Interviewé par BFMTV, un père de famille a raconté comment il était parvenu à traquer un pédophile qui échangeait avec sa fille de 12 ans. Un témoignage édifiant !
Georges Bilello, un résident de Cagnes-sur-Mer, est aujourd’hui devenu le porte-parole des parents dont les enfants sont victimes de prédateurs sexuels sur les réseaux sociaux. Le 17 avril 2025, sa fille âgée de 12 ans a tenté de mettre fin à ses jours. Comme l’a rapporté BFMTV, l’adolescente a tenté de se suicider après avoir été victime d’un pédophile en ligne.
Il s’agissait d’un homme de 36 ans avec lequel elle échangeait des photos intimes et des messages à caractère sexuel sur Snapchat. La jeune fille, découverte pendue dans sa chambre par son frère, a pu être réanimée puis hospitalisée avant de rentrer chez elle cinq jours plus tard.
Après la tentative de suicide de la jeune fille, son père, Georges Bilello, a fouillé son téléphone et a retrouvé la conversation avec le trentenaire.
Crédit photo : Nice-Matin
Mais alors qu’il attendait que l’enquête ouverte par le parquet de Grasse avance, le père de famille a fini par s’impatienter. À tel point qu’il a décidé de prendre les devants et d’opérer une traque par ses propres moyens.

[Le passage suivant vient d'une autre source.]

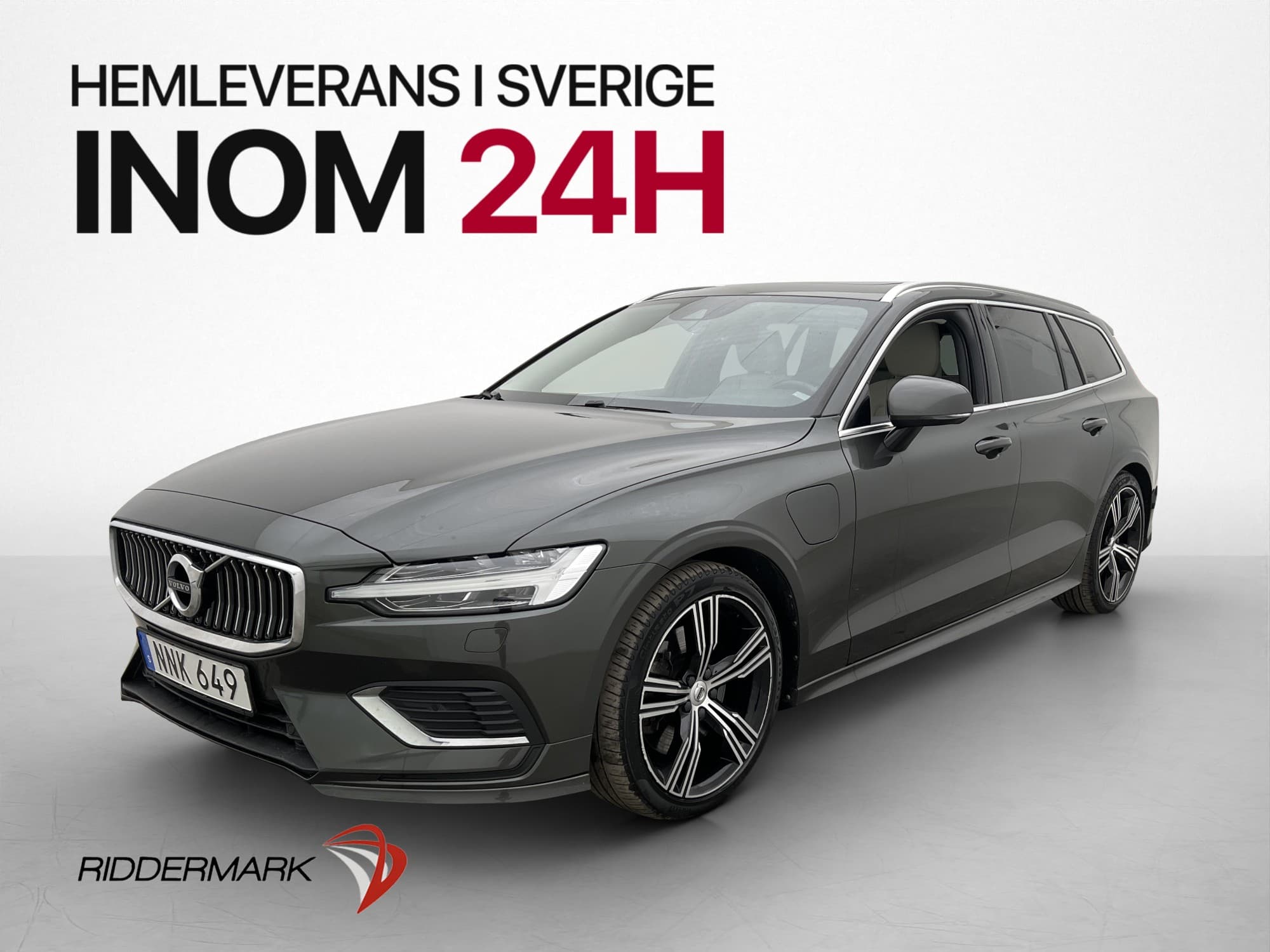 Volvo V60 Recharge T6 AWD Inscription Pano H/K Skinn Massage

"J'ai fait 'et puis merde', je vais me débrouiller par moi-même et le trouver par moi-même"
Pendant plusieurs mois, Georges Bilello a donc "épluché tous les réseaux sociaux" de l’homme qui parlait avec sa fille. Des recherches pendant lesquelles il a bénéficié du soutien de la Team Moore, un groupe de bénévoles qui traquent les pédocriminels en ligne.
Crédit photo : BFMTV
Le pédocriminel risque 10 ans de prison
Après de longues semaines d’investigation, le père de famille a retrouvé l’adresse du mis en cause. Il l’a ainsi transmise aux forces de l’ordre, qui ont pu procéder à l’interpellation du trentenaire à son domicile, en Isère. Selon le procureur de Vienne, la démarche effectuée par Georges Bilello ne pouvait pas entraîner un "vice de procédure".
"En droit pénal, la preuve est libre. Seule la conduite des investigations par les services d’enquête obéit à des règles et conditions procédurales et au principe de loyauté de la preuve"
Désormais, le prévenu est poursuivi pour "corruption de mineure de 15 ans", car il aurait sollicité des photographies dénudées d’une jeune fille âgée de 12 à 13 ans entre août 2024 et septembre 2025. Selon les informations de BFMTV, cela peut entraîner "une inscription au fichier judiciaire national automatisé des auteurs d'infractions sexuelles et violentes (FIJAIS)".
Mais ce n’est pas tout. Le prévenu risque 10 ans de prison et 150 000 euros d’amende et ce, même s’il n’y a jamais eu de contact physique avec la victime. Une audience au tribunal correctionnel de Vienne aura lieu le 3 mars prochain pour examiner cette affaire. De son côté, l'adolescente a été placée en foyer, où elle bénéficie de soins psychologiques. Si elle va mieux aujourd’hui, son père reste extrêmement vigilant. Il surveille désormais tous les faits et gestes numériques de sa fille. Ensemble, ils espèrent que la justice fera pleinement son travail lors du procès à venir.